Step 3: Inject Stochasticity for Exploration

GRASP adds noise directly to the virtual state iterates during optimization. For each gradient update, perturb v_t with Gaussian noise: v_t' = v_t + ε, where ε ~ N(0, σ²). This stochasticity helps the planner escape poor local minima and explore diverse trajectories. Adjust σ based on the difficulty of the terrain.

Step 4: Reshape Gradients to Avoid Brittle State-Input Paths

In traditional planning, gradients flow through the high-dimensional vision encoder of the world model, causing ill-conditioned updates. GRASP circumvents this by reshaping gradients: instead of relying on direct gradients from state to action, it computes a separate surrogate gradient that decouples action updates from the fragile vision model. Implement this by defining two separate loss components: one for actions (via virtual states) and one for the reconstruction consistency. Then combine them with a weighting factor.

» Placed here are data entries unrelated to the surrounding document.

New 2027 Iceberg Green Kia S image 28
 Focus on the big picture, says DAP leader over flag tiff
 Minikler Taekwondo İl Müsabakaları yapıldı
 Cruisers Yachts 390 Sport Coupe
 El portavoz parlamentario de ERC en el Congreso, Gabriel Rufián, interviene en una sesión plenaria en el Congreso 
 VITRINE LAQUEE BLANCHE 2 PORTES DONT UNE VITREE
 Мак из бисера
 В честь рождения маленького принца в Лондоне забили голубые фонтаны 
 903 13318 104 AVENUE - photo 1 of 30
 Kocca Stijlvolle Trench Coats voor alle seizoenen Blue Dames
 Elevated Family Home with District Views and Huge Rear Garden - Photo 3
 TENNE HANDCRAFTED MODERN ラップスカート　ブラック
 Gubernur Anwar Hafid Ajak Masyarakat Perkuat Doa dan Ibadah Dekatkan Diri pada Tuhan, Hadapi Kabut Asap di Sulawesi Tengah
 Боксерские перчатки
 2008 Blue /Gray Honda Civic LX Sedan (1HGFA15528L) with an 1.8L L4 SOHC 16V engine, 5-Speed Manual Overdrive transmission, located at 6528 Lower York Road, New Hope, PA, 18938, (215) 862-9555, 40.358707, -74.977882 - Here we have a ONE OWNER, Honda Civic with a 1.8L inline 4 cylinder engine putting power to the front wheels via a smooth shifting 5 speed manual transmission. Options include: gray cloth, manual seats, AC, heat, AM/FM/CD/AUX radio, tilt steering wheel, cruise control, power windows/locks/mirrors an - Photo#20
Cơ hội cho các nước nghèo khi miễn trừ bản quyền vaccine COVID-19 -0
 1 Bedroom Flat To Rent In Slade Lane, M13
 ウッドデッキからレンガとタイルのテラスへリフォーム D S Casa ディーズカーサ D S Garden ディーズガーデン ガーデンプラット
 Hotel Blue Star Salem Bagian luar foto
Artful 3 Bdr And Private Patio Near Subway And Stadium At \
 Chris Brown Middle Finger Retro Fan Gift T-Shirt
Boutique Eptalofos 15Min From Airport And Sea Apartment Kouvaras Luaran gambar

Mastering Long-Horizon Planning: A Step-by-Step Guide to GRASP
Source: bair.berkeley.edu

Step 5: Run the Planning Loop

  1. Initialize random action sequence a_1..a_H and virtual states v_1..v_H
  2. For each optimization iteration:
    • Add stochastic noise to each v_t (Step 3)
    • Compute loss: prediction error between v_{t+1} and world model output from v_t and a_t plus regularizer on actions
    • Update actions and virtual states simultaneously using gradient descent with reshaped gradients (Step 4)
  3. After convergence, extract the optimized action sequence.
  4. Execute the first action in the real environment, observe new state, and repeat (model-predictive control).

Tips for Success

  • Tune the noise level: Start with σ around 0.1 and adapt based on task complexity.
  • Weight the gradient components: The action gradient weight should dominate initially, then anneal.
  • Monitor virtual state consistency: Ensure virtual states remain close to the world model's predictions to avoid drift.
  • Use parallel rollouts: Run multiple trajectory optimizations in parallel (e.g., on GPU) to increase robustness.
  • Verify on short horizons first: Test your implementation on horizon 10 before moving to 100+.

GRASP shines when combined with thoughtful hyperparameter choices—experiment and iterate.